KURDISTAN REGION-IRAN BORDER – Following Iran’s decision to close its borders with the Kurdistan Region in late September, some Kurds in Iran who used to work at the official borders have turned to the often dangerous paths of smuggling.
The smugglers, semi-legal cross-border porters known locally as kolbars, climb the mountains on the border, facing the dangers of live fire from the border guards and mine fields.
Some of those interviewed by Rudaw say the border closure pushed them to turn to smuggling.
"It’s been two months that the border has been closed. None of us could have earned 100,000 toman ($28) for his family since then,” a kolbar told Rudaw.
“Those who want to have a source of living, like me, will come to this mountain to work. They come to this place to smuggle goods. This will expose us to being killed, freezing and many other things."
They mostly smuggle alcohol and cigarettes into Iran, items banned under the Islamic laws of the Iranian government. Trading these items in Iran can result in a three-year prison sentence and a $28.00 fine.
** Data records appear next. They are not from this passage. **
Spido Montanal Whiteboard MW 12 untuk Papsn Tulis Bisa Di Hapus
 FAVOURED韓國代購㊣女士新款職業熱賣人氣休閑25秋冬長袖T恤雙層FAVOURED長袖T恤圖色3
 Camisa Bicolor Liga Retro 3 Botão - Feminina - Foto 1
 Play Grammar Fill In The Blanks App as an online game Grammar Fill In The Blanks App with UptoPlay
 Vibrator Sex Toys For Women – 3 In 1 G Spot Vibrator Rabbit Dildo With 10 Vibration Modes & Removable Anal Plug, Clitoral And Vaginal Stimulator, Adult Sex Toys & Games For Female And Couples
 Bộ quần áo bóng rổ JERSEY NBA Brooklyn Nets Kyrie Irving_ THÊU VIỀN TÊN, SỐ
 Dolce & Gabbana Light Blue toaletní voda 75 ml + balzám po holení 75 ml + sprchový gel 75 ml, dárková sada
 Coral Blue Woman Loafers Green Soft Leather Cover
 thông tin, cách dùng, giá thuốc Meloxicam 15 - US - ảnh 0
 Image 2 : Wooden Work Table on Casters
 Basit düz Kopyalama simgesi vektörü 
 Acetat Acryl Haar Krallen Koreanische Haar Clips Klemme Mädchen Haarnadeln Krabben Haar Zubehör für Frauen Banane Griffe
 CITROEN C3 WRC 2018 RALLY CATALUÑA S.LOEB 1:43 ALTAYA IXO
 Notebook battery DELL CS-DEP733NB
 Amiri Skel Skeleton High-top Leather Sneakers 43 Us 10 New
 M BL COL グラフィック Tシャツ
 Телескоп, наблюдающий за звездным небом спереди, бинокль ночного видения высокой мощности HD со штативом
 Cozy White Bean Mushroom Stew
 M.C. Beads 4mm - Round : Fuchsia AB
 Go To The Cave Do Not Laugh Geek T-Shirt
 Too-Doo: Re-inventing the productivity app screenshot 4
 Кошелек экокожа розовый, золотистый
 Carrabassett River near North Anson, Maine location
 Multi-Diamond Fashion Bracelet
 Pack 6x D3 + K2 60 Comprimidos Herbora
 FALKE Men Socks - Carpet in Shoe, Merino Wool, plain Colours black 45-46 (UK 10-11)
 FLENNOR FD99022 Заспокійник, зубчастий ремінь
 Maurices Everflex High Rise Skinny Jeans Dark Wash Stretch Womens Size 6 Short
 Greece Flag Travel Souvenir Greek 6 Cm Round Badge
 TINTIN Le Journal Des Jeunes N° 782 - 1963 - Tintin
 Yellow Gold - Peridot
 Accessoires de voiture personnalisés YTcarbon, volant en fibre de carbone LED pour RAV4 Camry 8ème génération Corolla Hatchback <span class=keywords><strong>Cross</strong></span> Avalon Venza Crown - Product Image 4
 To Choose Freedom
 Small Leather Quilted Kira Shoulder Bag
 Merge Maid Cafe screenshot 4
Border guards have standing orders to shoot any of these kolbars on sight if they refuse to surrender. About 165 kolbars have been killed in 2017 and 150 injured.
They receive $30 for each box they carry across the border, over a dangerous path where winter temperatures drop below zero.
"I don't know whether or not I can make it across the border or if I will be killed,” another kolbar said.
For those who use horses to smuggle items, the path is even more difficult. They have to cross the border at night because they are an easier target in the daylight
"If there were 500 horses two months ago before the borders closed, it is now possible that there are 1,000. If the people are pushed to go hungry, they are then forced to come to the mountains. People here who lose their goods or whose horses are shot dead are very angry,” said a kolbar who owns a horse.
Out of three official border crossings between the Kurdistan Region and Iran, only one is currently open.